● TASK INSTRUCTIONS
The pictures in the listing below are to be skipped, while the lines between the line holding "Baking and cooking" and the line holding "A Japanese style", inclusive, are to be output exactly.

● EXTRACTED DATA
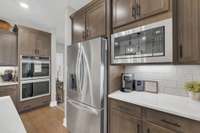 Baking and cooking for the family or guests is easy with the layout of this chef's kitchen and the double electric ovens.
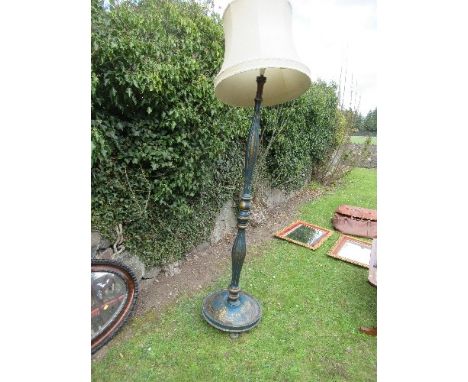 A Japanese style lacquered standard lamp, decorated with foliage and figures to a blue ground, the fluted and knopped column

---

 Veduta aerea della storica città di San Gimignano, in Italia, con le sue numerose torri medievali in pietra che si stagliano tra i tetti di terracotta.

● OUTPUT FOR THIS EXERCISE
 Baking and cooking for the family or guests is easy with the layout of this chef's kitchen and the double electric ovens.
 A Japanese style lacquered standard lamp, decorated with foliage and figures to a blue ground, the fluted and knopped column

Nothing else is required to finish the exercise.